**Provided entries**
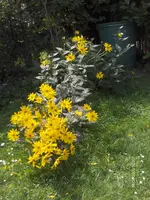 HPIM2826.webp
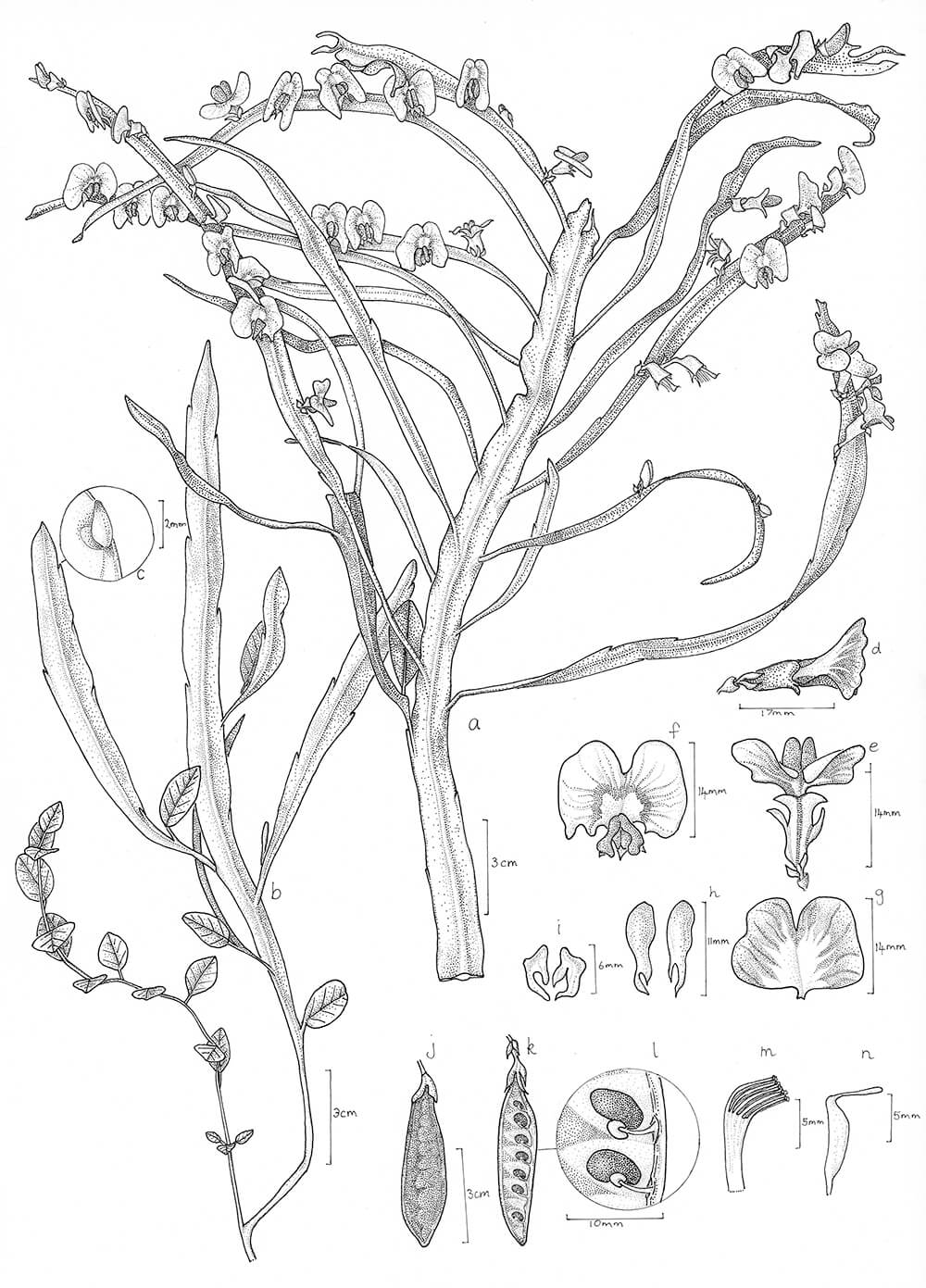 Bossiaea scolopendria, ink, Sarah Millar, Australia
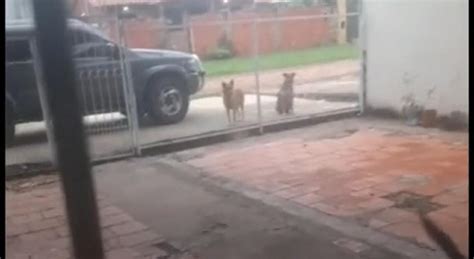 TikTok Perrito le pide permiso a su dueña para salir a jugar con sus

==

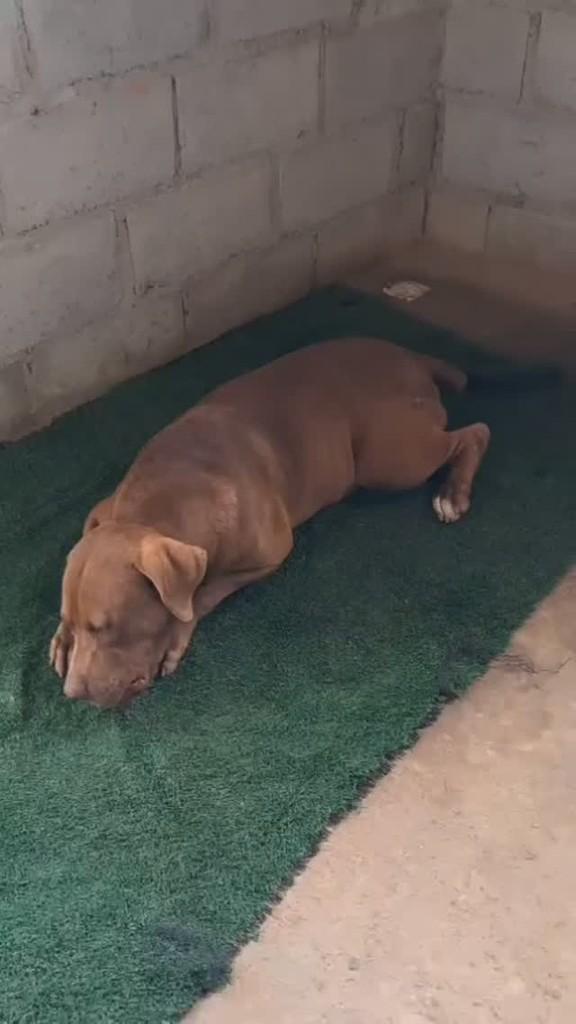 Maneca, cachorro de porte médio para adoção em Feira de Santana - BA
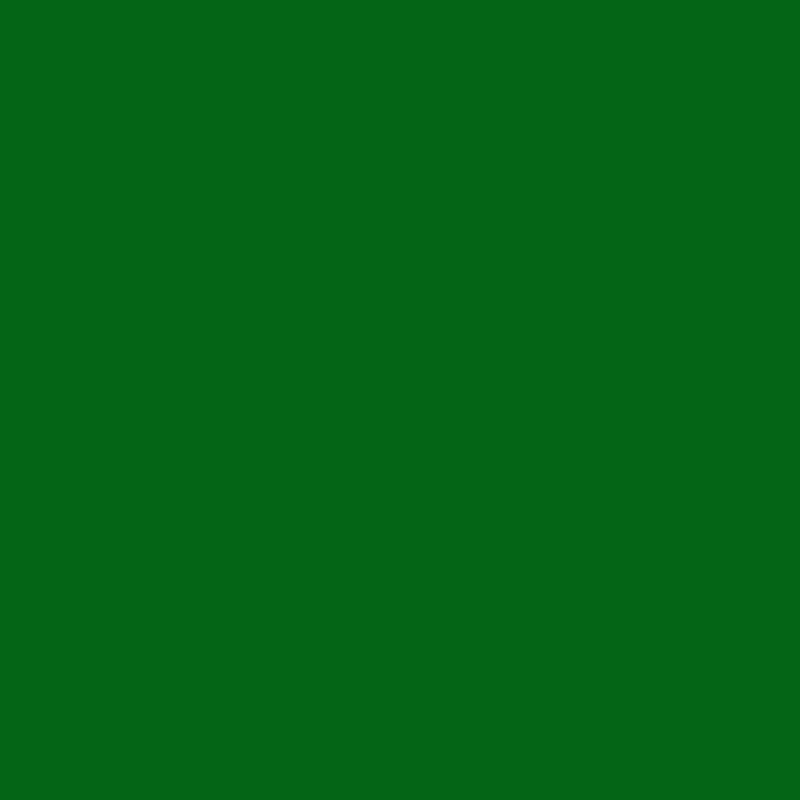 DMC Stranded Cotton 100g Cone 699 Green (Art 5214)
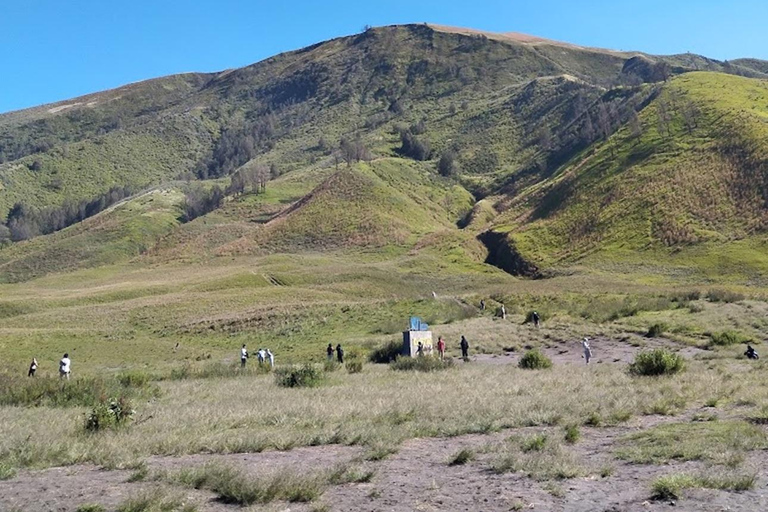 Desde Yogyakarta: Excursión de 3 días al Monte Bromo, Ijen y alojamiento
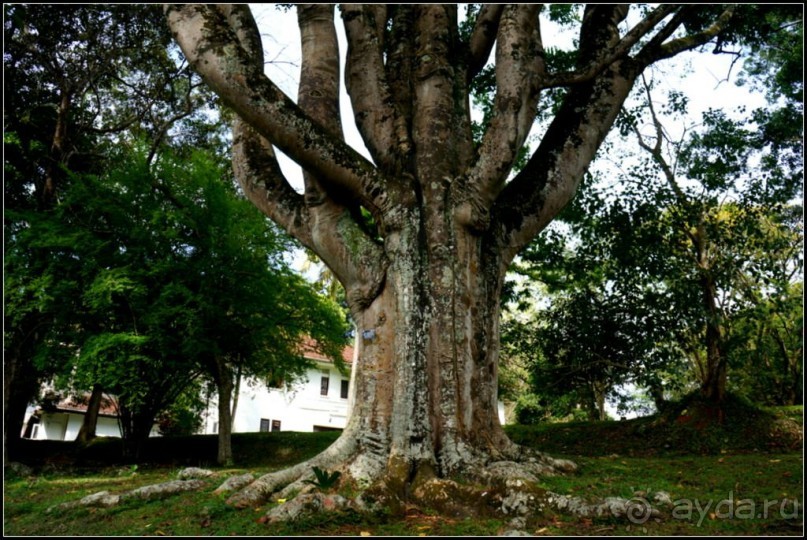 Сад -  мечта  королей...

**Your objective**
Return exactly the lines of the material above, starting at the line containing "Bossiaea scolopendria, ink, Sarah" and finishing at the line containing "TikTok Perrito le", without any pictures.

**Written answer**
 Bossiaea scolopendria, ink, Sarah Millar, Australia
 TikTok Perrito le pide permiso a su dueña para salir a jugar con sus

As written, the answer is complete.